Pompei, un’altra terra martoriata. Luigi D’Alessio concede ai lettori, grazie alla poesia, un sentiero privilegiato per stabilire un forte legame tra la memoria e l’immaginario. Contemplare rovine e scavi ci consente di accedere direttamente alla vita ridotta in scheletro, alle ossa pietrificate dall’eruzione del Vesuvio del 79 d.C. Non sapemmo/ o non sospettavamo/ che della nostra morte/ ne avreste fatto/ un vostro glorioso passato./ La poesia ha grandi forze quando stabilisce armonie perfette tra l’interiore e i paesaggi esteriori per questo motivo la costatazione del dramma riesce a riprodurre il movimento, i sentimenti e i pensieri di chi ha abitato quei calchi.
 È la storia dei popoli del Peloponneso a far nascere Di volo e di lava di Marisa Papa Ruggiero. Vicende che riprendono interiorità del passato per meditare paesaggi visionari del mediterraneo da cui la letteratura nutre ogni pezzo della sua anima. Natura, tempo, storia si intrecciano per denudare un sommerso sparito/in erosione/ come a un ritorno una fine/ le cento lastre di pietra/ le cento torce-guida/fiaccolanti/
Quindi il tempo, la natura e i segni della vita affermano, continuamente, un equilibrio perenne e fragile. La poesia scrive il carattere dell’uomo nei suoi ritmi più profondi: vita-morte-vita. Lo sapeva bene Marco Amendolara, da Salerno, a cui va il mio pensiero, non solo per la meditazione letteraria che ci ha lasciato, ma, soprattutto, per la ricchezza stilistica sottesa alla dignità del dolore insito nel significante. Ma nella sembianza umana, delle graziose forme di qualcuno/ nulla resta veramente in noi bene perenne/ se non spettri scuciti/ miseri simulacri che il vento sconfonde/. Poesie di speranza e incanto, disillusione e turbamento. Una mistura di significati poetici e filosofici molto commoventi, alti. Per La Vita Felice quest’anno è venuta alle stampe un’opera omnia La passione prima del gelo (poesie 1985 – 2008).

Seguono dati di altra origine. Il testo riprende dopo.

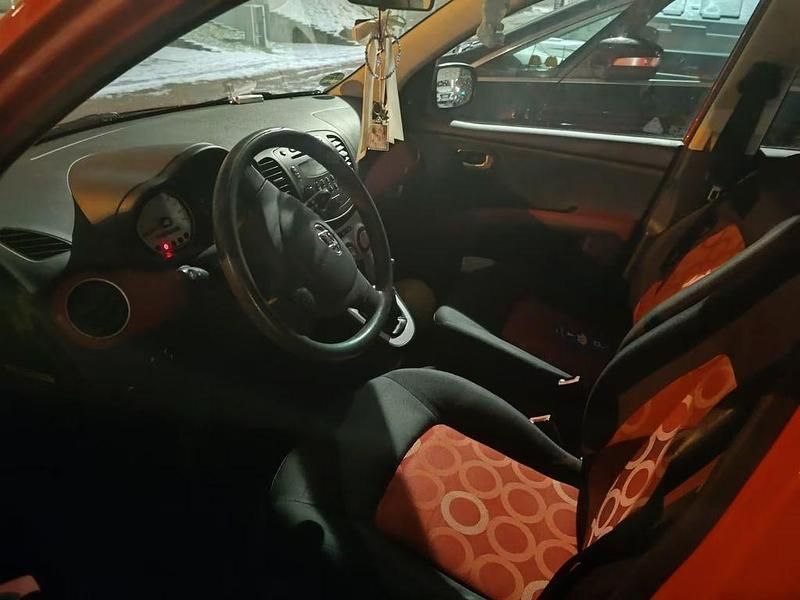 Gebraucht Hyundai i10 Classic 67 PS (49 kW) 2008 Rot Kleinwagen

I Fatti deprecabili di Caterina Davinio ci mettono di fronte a innumerevoli problematiche sociali intese come scelte etiche. Le riflessioni accendono fari giganteschi sul senso di responsabilità del poeta che resta l’unica figura intellettuale capace di dar voce alla realtà e alle verità sottese cadendo ad ogni passo verso il perdono/ crollando dove colpisce l’eterno/ i nostri passi precari sulla terra/.

La poesia nasce dal bisogno di mettere a fuoco la vita per questo motivo Annamaria Ferramosca in Trittici ha necessità di investigare nell’arte della pittura per infilarsi e cucire un ricamo armonioso di parola/immagine. Negra corona sul capo intrecciata/ in forma d’infinito schiavo amore/ negro tetto di ciglia sovrappensiero/ occhi uragano impenetrabili/. In modo sottile e arricchito elabora, come accade in un confidente colloquio,  prodigiosi versi che narrano la vita e la sua ombra. Quindi, con destrezza e raffinatezza racconta in poesia la cronaca di un volto, il suo tormento, il bagliore di un colore e il suo incantamento.